■ Requirement
Take the line that contains "Wholesale Large Animal" and each line after it to the end of the material below, and return them exactly, minus the pictures.

■ Given records
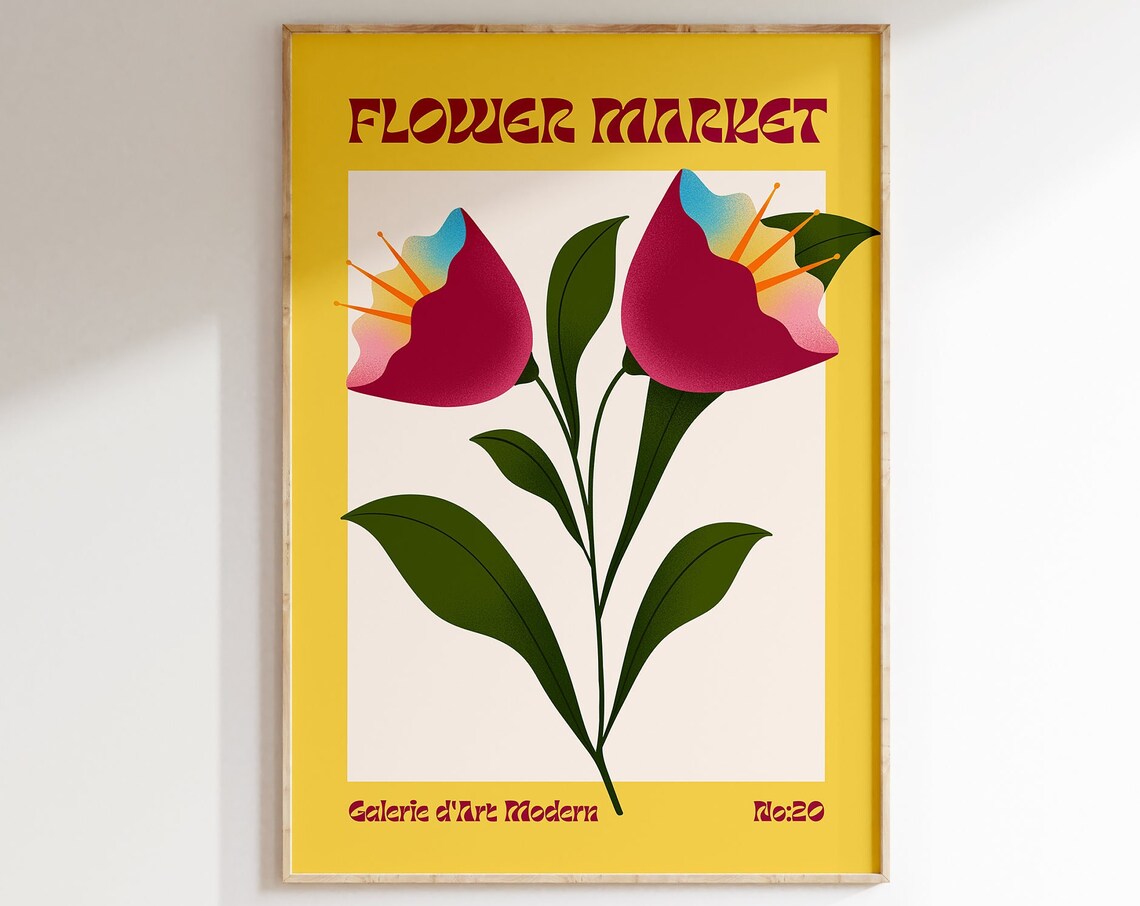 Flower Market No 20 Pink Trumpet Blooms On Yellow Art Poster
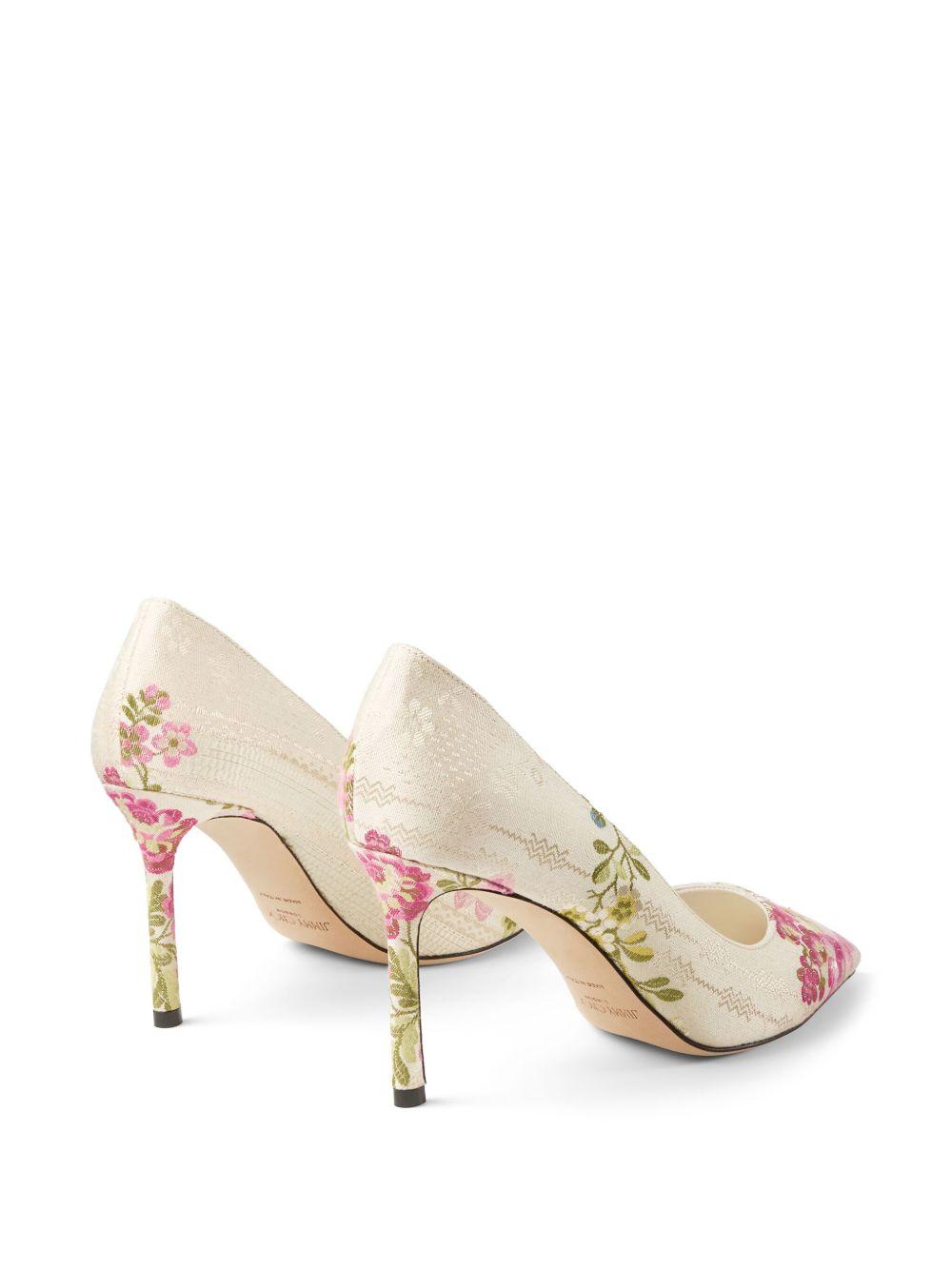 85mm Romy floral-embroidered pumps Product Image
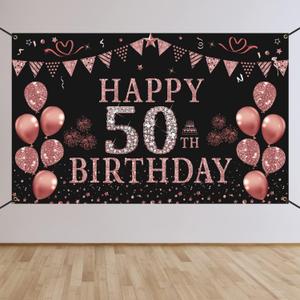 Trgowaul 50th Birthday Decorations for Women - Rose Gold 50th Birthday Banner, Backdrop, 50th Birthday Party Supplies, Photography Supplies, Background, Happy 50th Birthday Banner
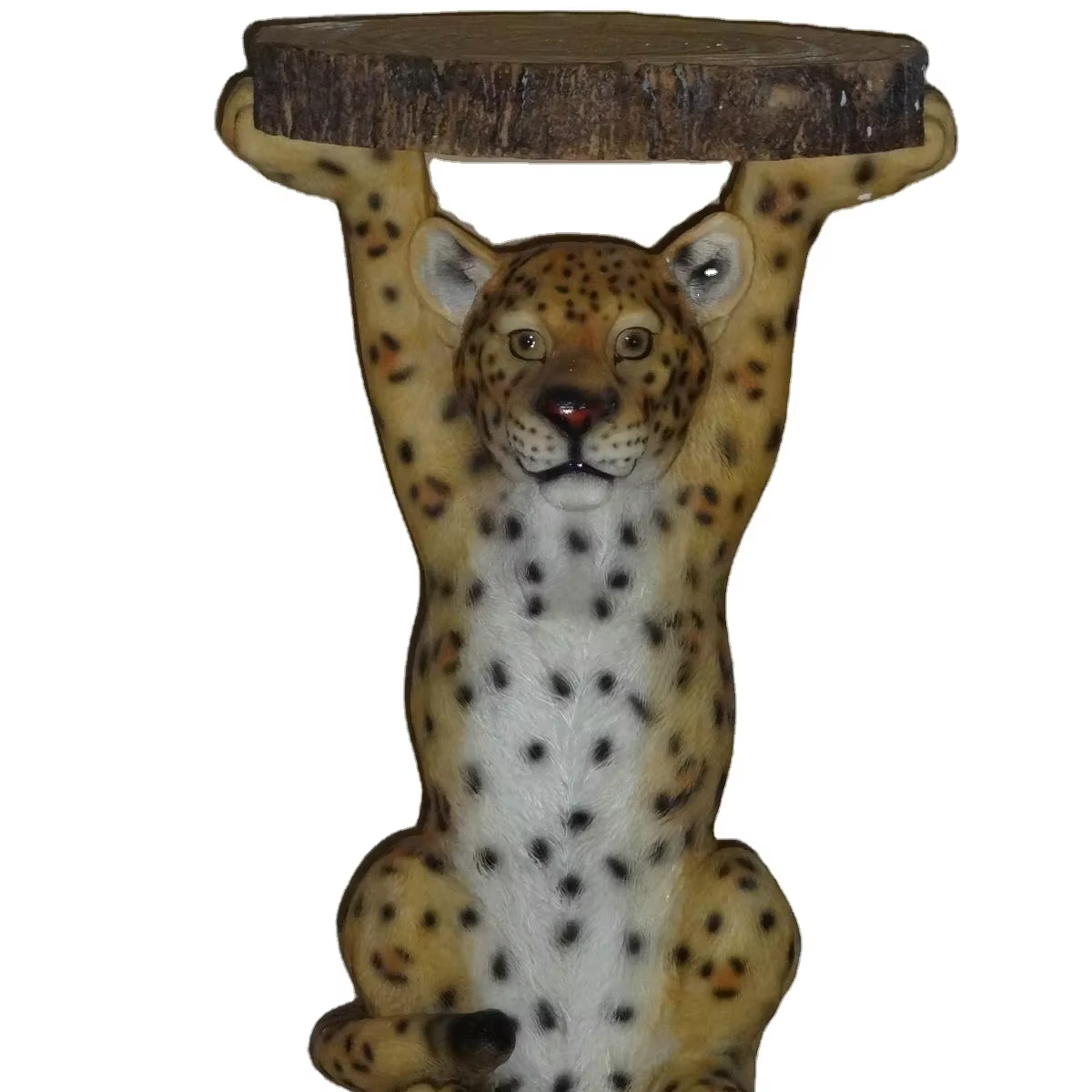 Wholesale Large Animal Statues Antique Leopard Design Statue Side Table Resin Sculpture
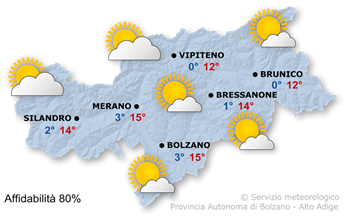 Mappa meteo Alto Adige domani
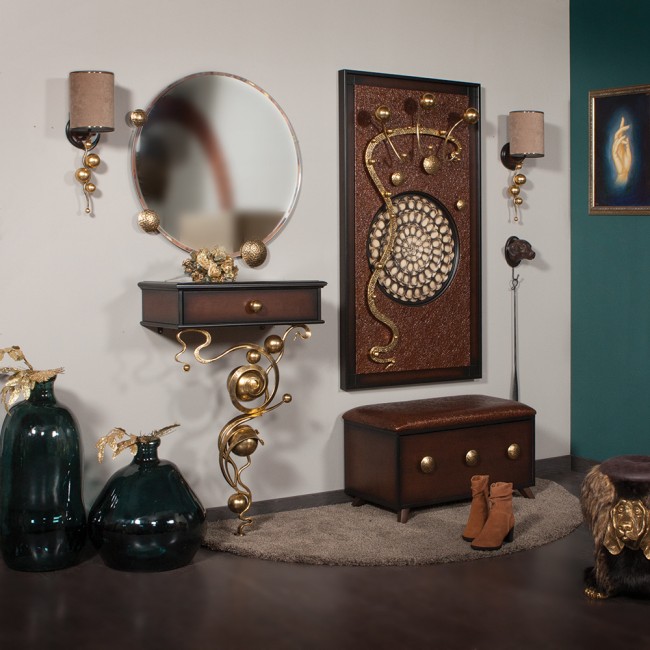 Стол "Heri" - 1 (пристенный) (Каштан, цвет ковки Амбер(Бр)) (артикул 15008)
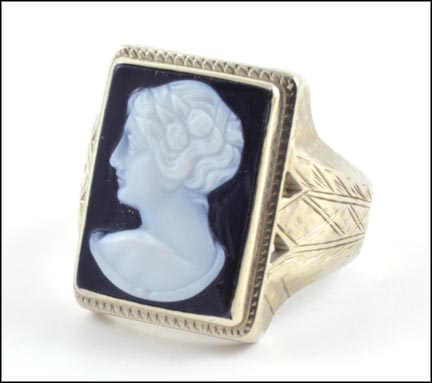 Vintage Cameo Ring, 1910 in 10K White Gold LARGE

■ Worked solution
 Wholesale Large Animal Statues Antique Leopard Design Statue Side Table Resin Sculpture
 Mappa meteo Alto Adige domani
 Стол "Heri" - 1 (пристенный) (Каштан, цвет ковки Амбер(Бр)) (артикул 15008)
 Vintage Cameo Ring, 1910 in 10K White Gold LARGE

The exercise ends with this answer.